[[ Given information, beginning ]]

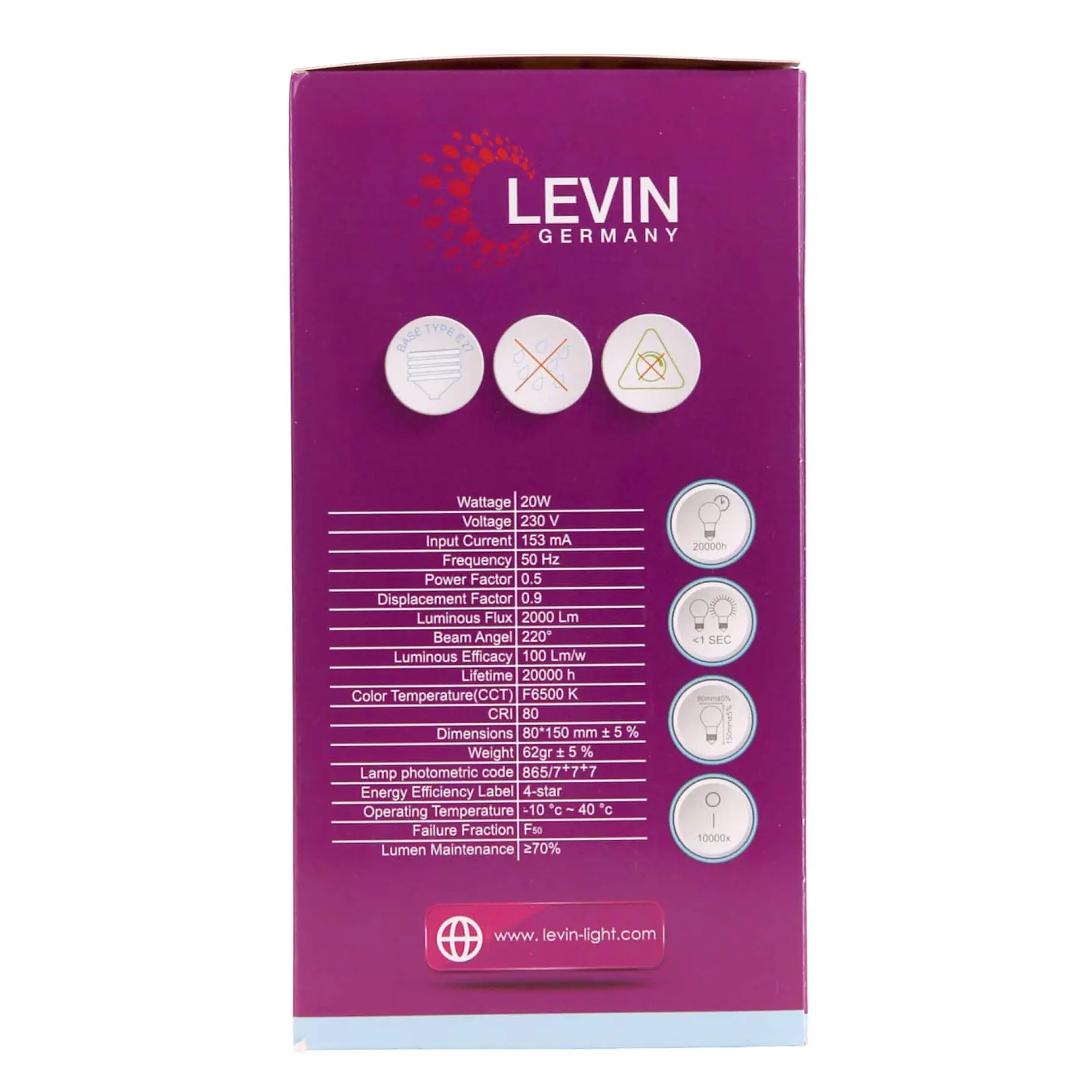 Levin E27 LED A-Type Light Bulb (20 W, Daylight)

[[ Given information, end ]]
[[ Given information, beginning ]]

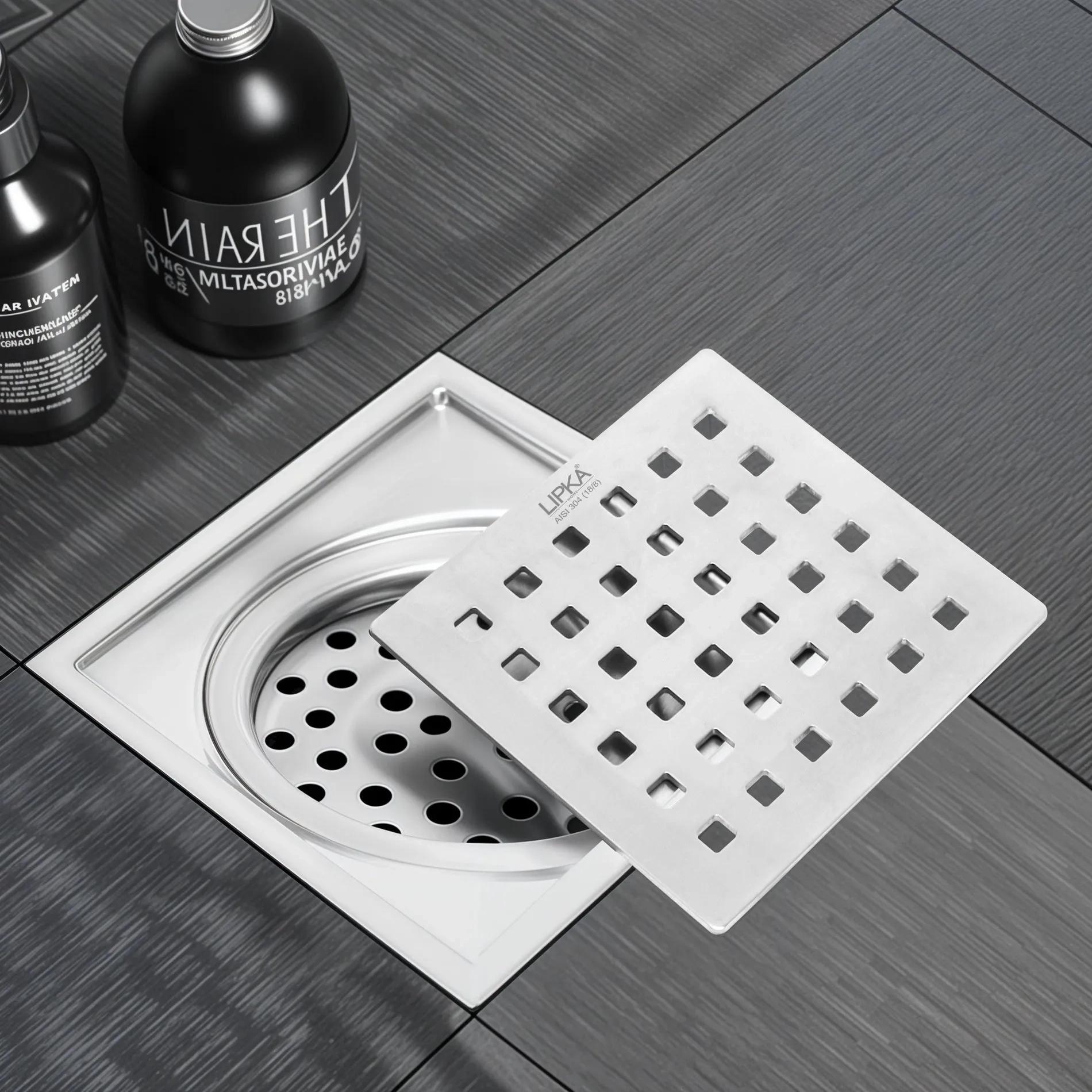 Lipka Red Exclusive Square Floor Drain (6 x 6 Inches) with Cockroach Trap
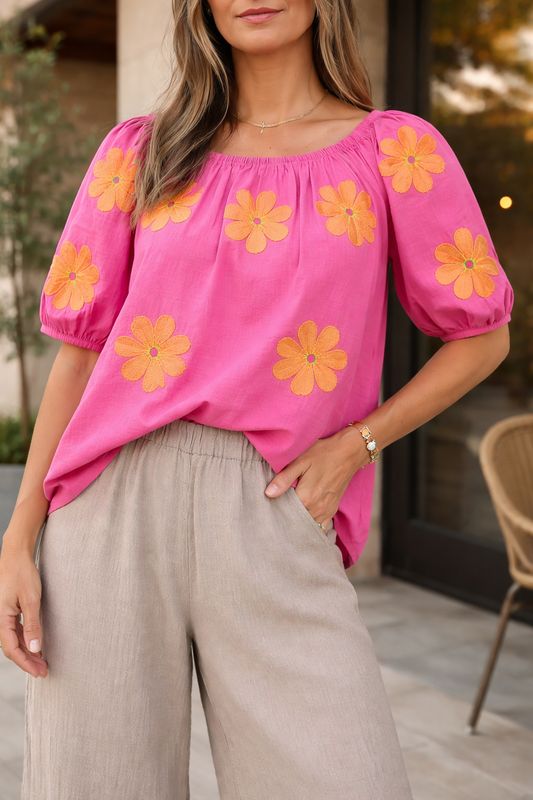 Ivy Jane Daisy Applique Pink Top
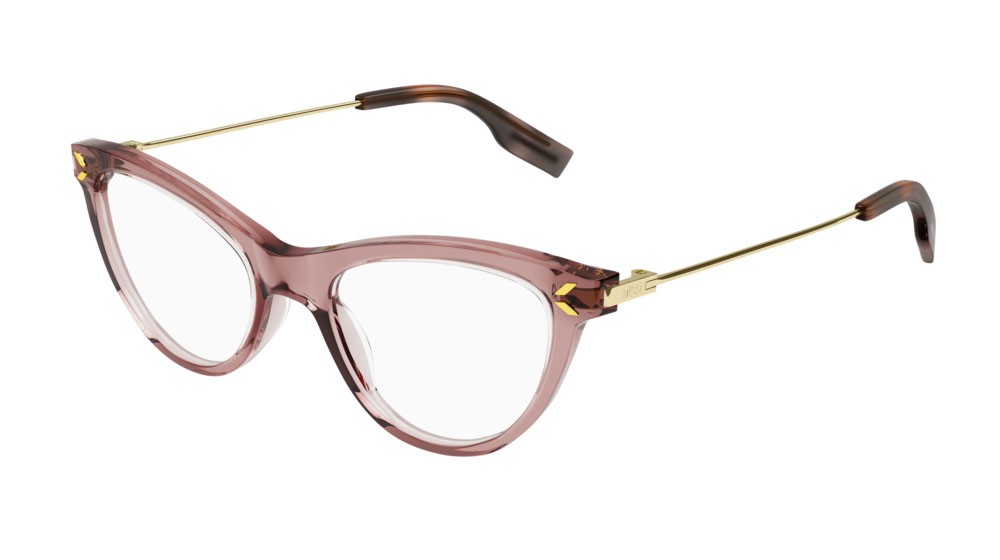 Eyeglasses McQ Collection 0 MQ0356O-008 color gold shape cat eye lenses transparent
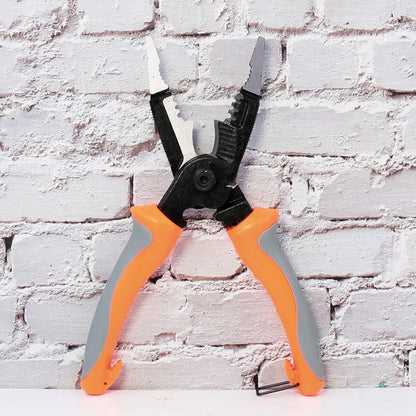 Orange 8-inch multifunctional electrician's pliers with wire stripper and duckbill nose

[[ Given information, end ]]

Task to carry out -> Copy exactly the lines of the listing above between the one holding "Eyeglasses McQ Collection" and the one holding "Orange 8-inch multifunctional", inclusive; omit all pictures.

Task solution ->
 Eyeglasses McQ Collection 0 MQ0356O-008 color gold shape cat eye lenses transparent
 Orange 8-inch multifunctional electrician's pliers with wire stripper and duckbill nose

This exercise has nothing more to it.